La Jetee was intelligent and packed an intriguing story into a single half hour. Unfortunately, I can't give this 5 stars because the accompanying film, Sans Soleil, was stomach churning at parts and I couldn't make myself finish it. Sans Soleil is listed as a travelogue, but it can't seem to choose between interesting cultural snapshots and slapping the viewer in the face with horrifying clips of slaughter.

NewYorkViews Feb 18, 2015

La Jet... is a great scifi horror about mind control and the thought police run by scientists in a nuclear post-World War 3--it is in black & white and is also an artistic film. It is a five star excellent film.

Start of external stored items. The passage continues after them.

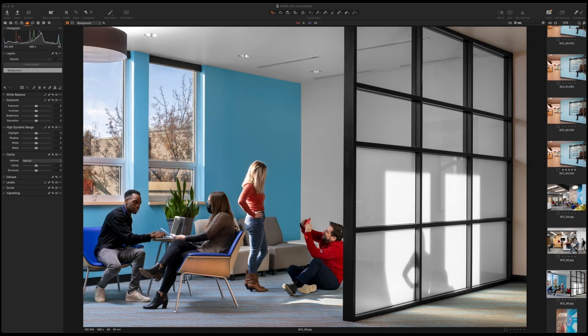So this is what Capture One looks like when you first install it and launch it. It doesn't have these awesome images in it yet, but you'll provide your own awesomeness to it. As you can see, the layout is totally different from Lightroom, but I'll go over it with you real quick.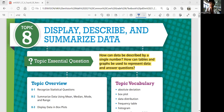Hey guys, this is Math 6, Topic 8. Topic 8 is the last topic of Math 6. In this topic, we'll learn to display, describe, and summarize data. We'll think about how the data can be described by a single number, and how tables and graphs could be used to represent data and answer questions.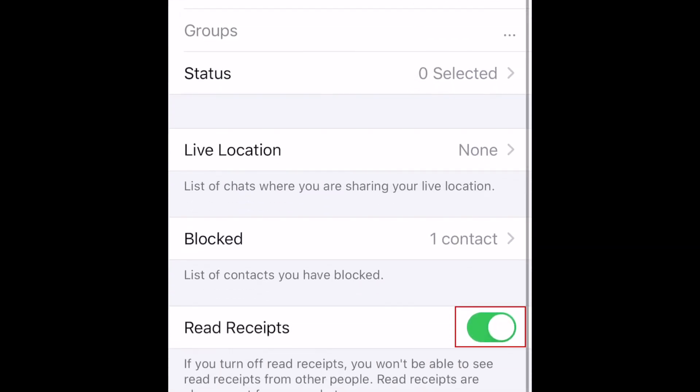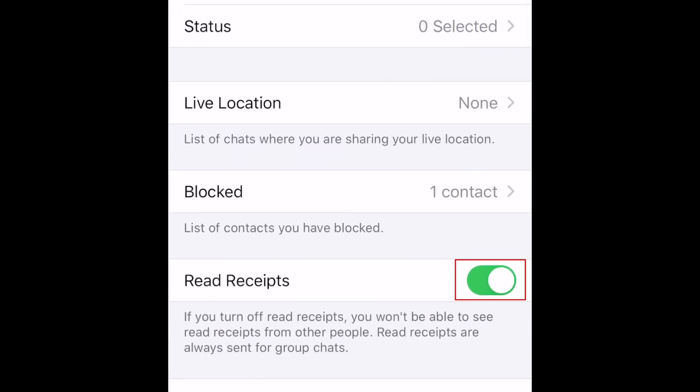Then tap the switch beside Read Receipts to disallow contacts from seeing when you've read their messages. This also means that you won't be able to see when your messages have been read.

Sans Soleil is a drawn out film of modern travel film clips in color of mainly the working classes with a drawn out female narrative that is reading underlying depressing, and mostly negative propaganda that you would expect in a cheap, terrorist recruitment film. The short clip of the llama in Asia near the end was the sun in this film. Otherwise, I could not fully watch/listen through this movie.

xaipe Sep 14, 2012

This is one of my favorite movies though not for everyone. I first saw it in a class on French film theory at UC Berkeley back in 1982 (it was released in 1962). The director was the French writer, photographer, editor, videographer, digital multimedia artist and filmmaker Chris Marker. I was absolutely captivated by it then and still am. It remains a work of such originality, mystery, mastery and enigmatic plot, that I make a point to watch it at least once a year. It was made on a shoestring budget, is 27 minutes long, inspired Terry Gilliam’s movie “12 Monkeys” (far inferior to the original), has voice-over narration and eerie music, is composed of a series of black & white still photos (except for one 3-second interval), has astonishing composition in each frame, is an early sci-fi film without special effects, and is one of the most succinct, artful, tantalizing and thought-provoking movies I have ever seen. What is the future of mankind? What is the importance of love? What is left to hold onto in this world? All this in a memorable 27 minutes.